Sindicalismo de Schrödinger

Cauê Campos*, de São Paulo (SP)
Rovena Rosa / Agência Brasil

Protesto em 2017, contra a reforma da Previdência

 

Erwin Schrödinger desenvolveu em 1935 um exercício teórico para demonstrar o Princípio da Incerteza de Heisenberg, este experimento mental ficou conhecido como “Gato de Schrödinger”. 

Segundo ele, um gato seria colocado em uma caixa sem frestas ou transparências, com um frasco de veneno, um contador Geiger (usado para medir radiação) e um martelo. Caso o contador fosse acionado, o frasco de veneno seria quebrado pelo martelo. Conclui Schrödinger que o gato está vivomorto – isso é diferente de morto ou vivo; isso acontece por que não podemos saber se o gato está vivo ou morto, afinal se abríssemos a caixa, se alterariam as condições. Não podemos dizer que o gato está em “estado nenhum”, porque sabemos que o gato está lá, mas em um terceiro estado – vivomorto

Vivemos no final da segunda década do século XXI, movimento sindical brasileiro de Schrödinger. Após a reforma trabalhista de 2017 e a eleição de Bolsonaro a Presidência da República, o movimento sindical brasileiro está vivomorto. Afinal, sabemos que ele está, mas é impossível dizer se morto ou vivo.

o movimento sindical brasileiro está vivomorto. A final, sabemos que ele está, mas é impossível dizer se morto ou vivo.

Ao contrário de que muitos apregoam, apesar das transformações nas relações de trabalho dos últimos trintas, o conflito central da sociedade ainda é capital X trabalho. Enquanto isso permanecer, o movimento sindical continuará existindo e sendo necessário. 
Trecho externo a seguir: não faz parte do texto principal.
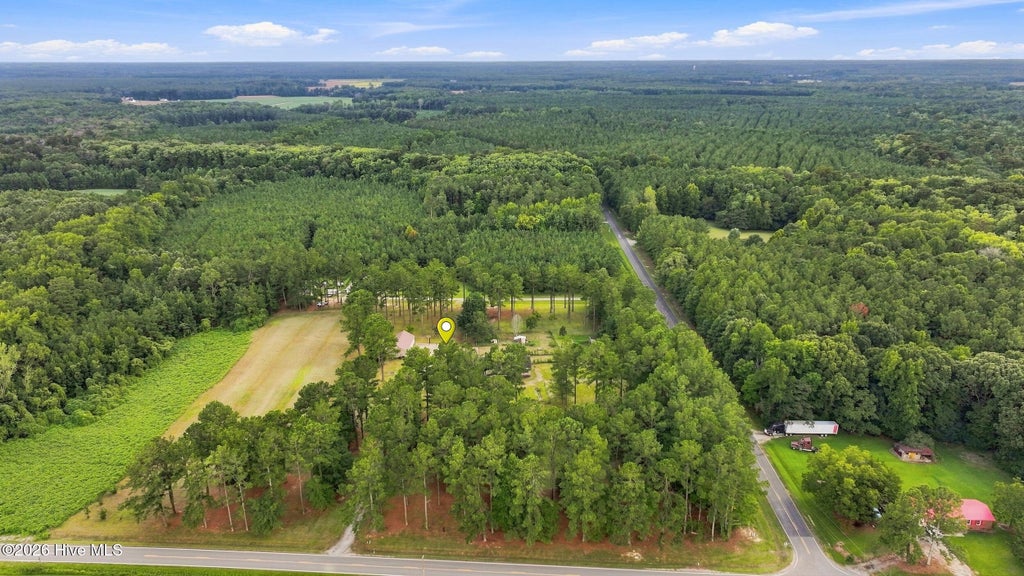 Photo of 629 Liverman Mill Road, Ahoskie, NC 27910 (MLS # 100602035)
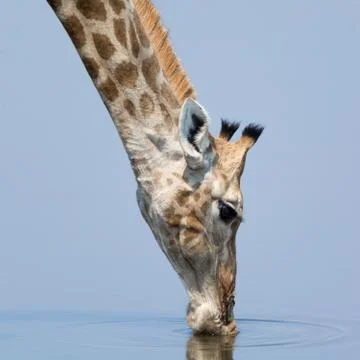 Giraffe Stock Photos
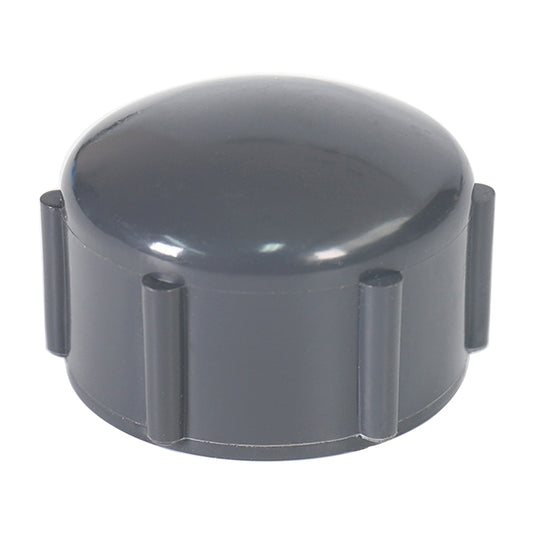Sch 80 Cap (FPT)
É verdade que as transformações nos processos produtivos e nas relações sindicais têm desestabilizado o sindicalismo, e este tem tido dificuldade de reação por todo o mundo – obviamente não é uma exclusividade brasileira. Os processos de desregulamentação, flexibilização e precarização das condições e leis trabalhistas atingem em cheio a ação sindical. No caso brasileiro, a partir da reforma trabalhista de 2017 e os retrocessos implementados pelo governo Bolsonaro em 2019, o sindicalismo tem perdido aceleradamente seu poder de barganha nas negociações capital X trabalho, mas também de pautar o debate político nacional. 

Um sindicalismo vivomorto é fantástico à burguesia, pois consegue cumprir um papel de amortecer os conflitos capital X trabalho, a partir de uma resistência ficcional e aparente negociação (que se assemelha mais a rendição completa); ao mesmo tempo que impede a criação de algo novo.

Se o sindicalismo não abrir a caixa, continuará nessa situação vivomorto. Necessário e fundamental para a transformação da sociedade, mas incapaz de resistir aos ataques do capital e dos governo ultraliberais, como Trump e Bolsonaro. Abrir a caixa significa se reinventar: superar a dependência do imposto sindical, perceber que os espaços de negociações institucionalizados ruíram, reaproximar-se das bases, desenvolver ações diretas conflitivas e, principalmente, tornar-se antissistêmico e disruptivo.